Enquanto a empresa agora possui um sistema complexo para monitorar seus fornecedores diretos, ainda não consegue monitorar seus fornecedores indiretos – aqueles agricultores que vendem para fazendas que depois vendem para a JBS.

O caso de Souza ainda não foi concluído. Ulisses Rabaneda, advogado de Souza, disse ao Guardian que havia decidido não responder a perguntas da mídia nesta fase do processo judicial.

Em entrevista à Gazeta Digital em 2019, Souza disse que era inocente de todas as acusações, nunca havia se envolvido em grupos de extermínio e que permaneceu foragido porque estava com medo de ser assassinado pelos verdadeiros criminosos se ele se entregasse.

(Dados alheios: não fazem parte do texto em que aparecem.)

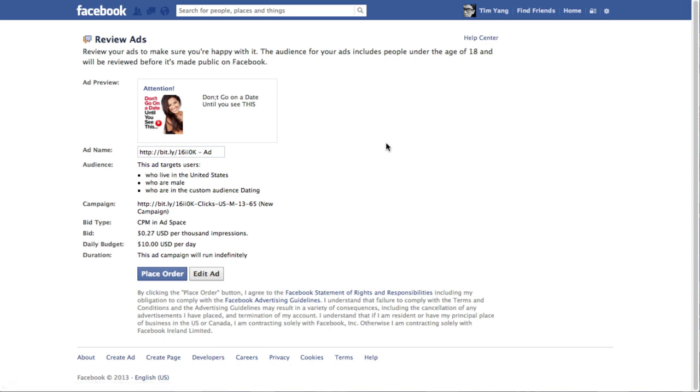And then your ad will take maybe around twenty four hours to get approved. And then it will start appearing on the sidebars of all these users.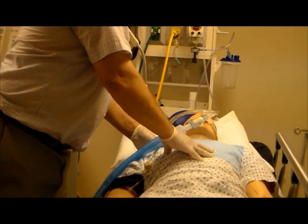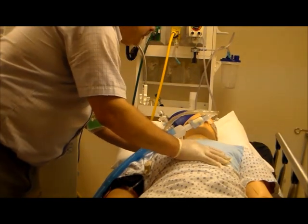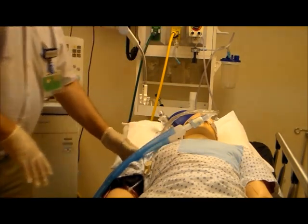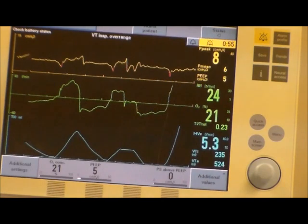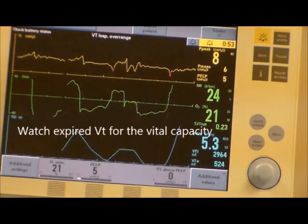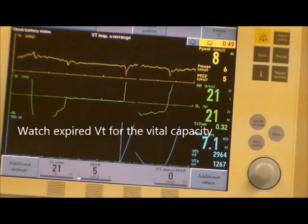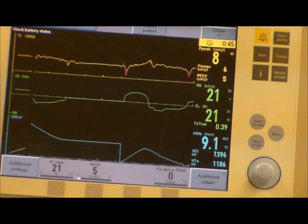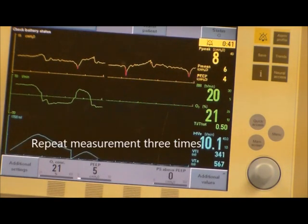Keep going. Okay, now push it out — blow it out, push it out. You don't have to go very fast, just get it all the way out. Very good. Okay, back to normal breathing. While they're doing this, you want to make sure you're checking the expiratory tidal volume in the bottom right corner — that will be your vital capacity. Ideally you would do this three times to make sure you get three consistent numbers.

“Eu nunca andei armado, então por que, aos 41 anos, com empresas sólidas, uma vida pacífica, sem dívidas, sem problemas, eu faria algo tão bárbaro?”, disse Souza na entrevista. “Construí tudo com a honestidade e o esforço da minha família. Por que eu jogaria tudo fora?”

A JBS disse ao Repórter Brasil que Souza não era fornecedor e que “não adquire gado de fazendas envolvidas em desmatamento de florestas nativas, invasão de reservas indígenas, violência rural, conflitos de terra ou que usam trabalho escravo ou infantil”.

“A JBS reitera que qualquer tentativa de vincular a empresa à pessoa mencionada no relatório, que nunca esteve em sua lista de fornecedores, é irresponsável”, disse a empresa ao Guardian.

A Marfrig se recusou a comentar a investigação e enviou a declaração que já havia enviado anteriormente ao Guardian em dezembro, na qual a empresa reconheceu que 53% de seu gado na Amazônia é proveniente de fornecedores indiretos.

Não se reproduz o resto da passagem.